At $53.5 million for a 1.8 acre site, the district is going to be paying roughly $30 million an acre. That’s substantially higher than the roughly $13.2 million per acre that the Los Altos School District paid in 2019 for a school site in Mountain View.
Mountain View Whisman’s employee apartments are also fulfilling the developer’s obligations to provide affordable units as part of its market-rate project next door.
Baier attributed the high cost of the land to the fact that the district had already entered into a ground lease with the developer, which it essentially had to buy out.
At Thursday’s meeting, board member Charles DiFazio said that while the price might not be perfect, he felt it was a good deal that eliminates the escalating ground lease expenses.
“It’s going to better enable us to keep this affordable and make more people able to access this incredible opportunity,” DiFazio said.
Four residents of the employee housing came to Thursday’s meeting, each praising the district for the project and talking about the benefits that having an affordable home has brought to their lives.
In contrast, there were also community members who opposed the land purchase and raised concerns about the district’s decision making. Aytek Celik stressed the way that the project’s costs have ballooned over time.
“I am troubled and concerned by the possibility of buying the staff housing project,” Celik said. “Please stop throwing good money after bad.”

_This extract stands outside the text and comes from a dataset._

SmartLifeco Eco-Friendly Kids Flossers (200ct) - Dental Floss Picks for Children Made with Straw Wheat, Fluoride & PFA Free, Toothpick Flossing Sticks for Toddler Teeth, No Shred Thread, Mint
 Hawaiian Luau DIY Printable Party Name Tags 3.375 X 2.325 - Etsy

They may go down as probably the worst negotiators in the history of Mountain View.
But I’m not sure what other option they had. $1.9mm a year is a lot of money. Blame goes back to the original deal with whomever was on that board. Chris, Bill, who else signed that thing?
In retrospect, the initial proposal to build housing on district own land (Cooper Park) would have been considerably simpler and cheaper.
So Mountain View has its share of responsibility in derailling that initial proposal.
Also, the City seems to have provided the developer with a pretty sweet deal as its obligation to provide affordable units seems to have been paid by the School district (both for the building AND now for the land).
Did Ayinde Rudolph pay back his sweetheart home loan
This could pay off since the property tax on the 1.8 acres should go away now that it is owned by a school district. But it was an outrageous amount to pay for restricted land like that.